Tapi suami gue tanpa berusaha menggurui, dia selalu bimbing gue untuk membenahi karakter. Dalam setiap kejadian dia tetap ada disamping gue, walaupun dalam kondisi dimana gue yang bikin gara-gara. Lagi-lagi tanpa menggurui, dia ngajarin gue untuk “mencoba merasakan posisi orang lain”...
Now. Gue secara pribadi merasa menjadi pribadi yang lebih baik, percaya diri dan optimis... Yach walau masih banyak yang harus dibenahi lagi. Tapi gue merasa, “menikah telah menjadikan gue pribadi yang lebih baik,, jauh lebih baik”. Semua luka, sakit, kemarahan yang dulu suka tiba-tiba datang dan bikin gue singit, sekarang akan gue ceritakan sama suami gue.  

Even jika sekarang dunia menolak gue. Gue udah tau harus kemana. Nyokab gue yang sepanjang hidup gue, gue merasa dia tidak pernah melihat satu kebaikan pun pada gue, sering bikin gue mimpi nangis karena ditolak. Sekarang dalam mimpi pun gue akan cari suami gue buat cerita… ini real.

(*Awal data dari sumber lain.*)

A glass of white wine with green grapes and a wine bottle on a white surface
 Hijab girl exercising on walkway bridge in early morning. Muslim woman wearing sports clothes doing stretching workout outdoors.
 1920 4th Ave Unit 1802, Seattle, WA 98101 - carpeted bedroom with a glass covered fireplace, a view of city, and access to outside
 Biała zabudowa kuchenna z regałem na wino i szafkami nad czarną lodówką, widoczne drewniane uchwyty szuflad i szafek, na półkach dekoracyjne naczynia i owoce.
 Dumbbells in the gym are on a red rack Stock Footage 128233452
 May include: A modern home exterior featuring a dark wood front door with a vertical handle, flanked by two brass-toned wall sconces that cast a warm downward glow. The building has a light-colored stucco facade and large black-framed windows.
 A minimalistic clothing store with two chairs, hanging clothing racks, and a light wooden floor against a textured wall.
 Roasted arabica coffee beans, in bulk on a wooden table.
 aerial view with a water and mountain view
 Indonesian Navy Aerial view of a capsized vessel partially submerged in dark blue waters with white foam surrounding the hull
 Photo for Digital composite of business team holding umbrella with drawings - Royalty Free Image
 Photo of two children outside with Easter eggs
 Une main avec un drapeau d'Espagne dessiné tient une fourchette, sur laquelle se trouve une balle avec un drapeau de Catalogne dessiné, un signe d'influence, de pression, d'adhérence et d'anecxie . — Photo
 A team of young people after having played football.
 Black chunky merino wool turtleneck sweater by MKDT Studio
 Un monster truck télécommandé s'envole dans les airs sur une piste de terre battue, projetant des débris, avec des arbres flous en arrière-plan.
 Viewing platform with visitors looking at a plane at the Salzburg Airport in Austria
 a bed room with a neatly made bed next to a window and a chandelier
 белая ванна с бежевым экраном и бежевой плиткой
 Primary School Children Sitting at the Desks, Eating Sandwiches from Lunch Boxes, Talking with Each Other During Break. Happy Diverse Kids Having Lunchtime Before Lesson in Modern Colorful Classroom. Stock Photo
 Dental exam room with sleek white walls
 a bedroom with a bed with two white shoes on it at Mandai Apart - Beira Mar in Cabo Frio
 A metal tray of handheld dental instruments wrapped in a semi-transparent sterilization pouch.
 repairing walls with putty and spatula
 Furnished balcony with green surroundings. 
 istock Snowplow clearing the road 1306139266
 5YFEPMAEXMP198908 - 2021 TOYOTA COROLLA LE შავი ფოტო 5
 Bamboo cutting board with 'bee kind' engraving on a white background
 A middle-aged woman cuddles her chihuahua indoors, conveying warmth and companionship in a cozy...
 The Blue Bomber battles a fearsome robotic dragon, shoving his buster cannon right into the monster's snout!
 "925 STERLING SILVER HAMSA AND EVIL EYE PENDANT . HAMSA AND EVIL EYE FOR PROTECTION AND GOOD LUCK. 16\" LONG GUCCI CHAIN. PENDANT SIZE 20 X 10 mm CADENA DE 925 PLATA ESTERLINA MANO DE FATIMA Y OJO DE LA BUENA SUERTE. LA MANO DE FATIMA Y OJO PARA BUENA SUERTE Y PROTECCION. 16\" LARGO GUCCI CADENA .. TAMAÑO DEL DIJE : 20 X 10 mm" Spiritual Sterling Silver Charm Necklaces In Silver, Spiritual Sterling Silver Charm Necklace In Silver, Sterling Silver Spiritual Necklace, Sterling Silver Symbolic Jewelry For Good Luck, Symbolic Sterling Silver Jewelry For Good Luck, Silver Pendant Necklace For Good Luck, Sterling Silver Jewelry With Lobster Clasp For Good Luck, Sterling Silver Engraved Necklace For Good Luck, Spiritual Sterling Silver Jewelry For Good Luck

Isn’t it call soulmate?? I said yes.
My husband is my soul, he’s me. Dia yang membimbing gue untuk makin cinta Tuhan, dia buat gue makin sayang sama keluarga, dia bikin gue merasa berharga dan penting. Dia ngajarin gue untuk waspada (buat yang ini kita masih kontra, hehe..), dia yang membangkitkan mimpi-mimpi yang dulu takut gue ucapin. Malahan sekarang mimpi gue makin tinggi, karena dia mau nemenin gue mimpi sampai kelangit. Sekarang gue bebas buat mengucapkan semua keinginan, semua hayal semua iman... Pokoknya, dia yang pasti ada dalam semua harap gue.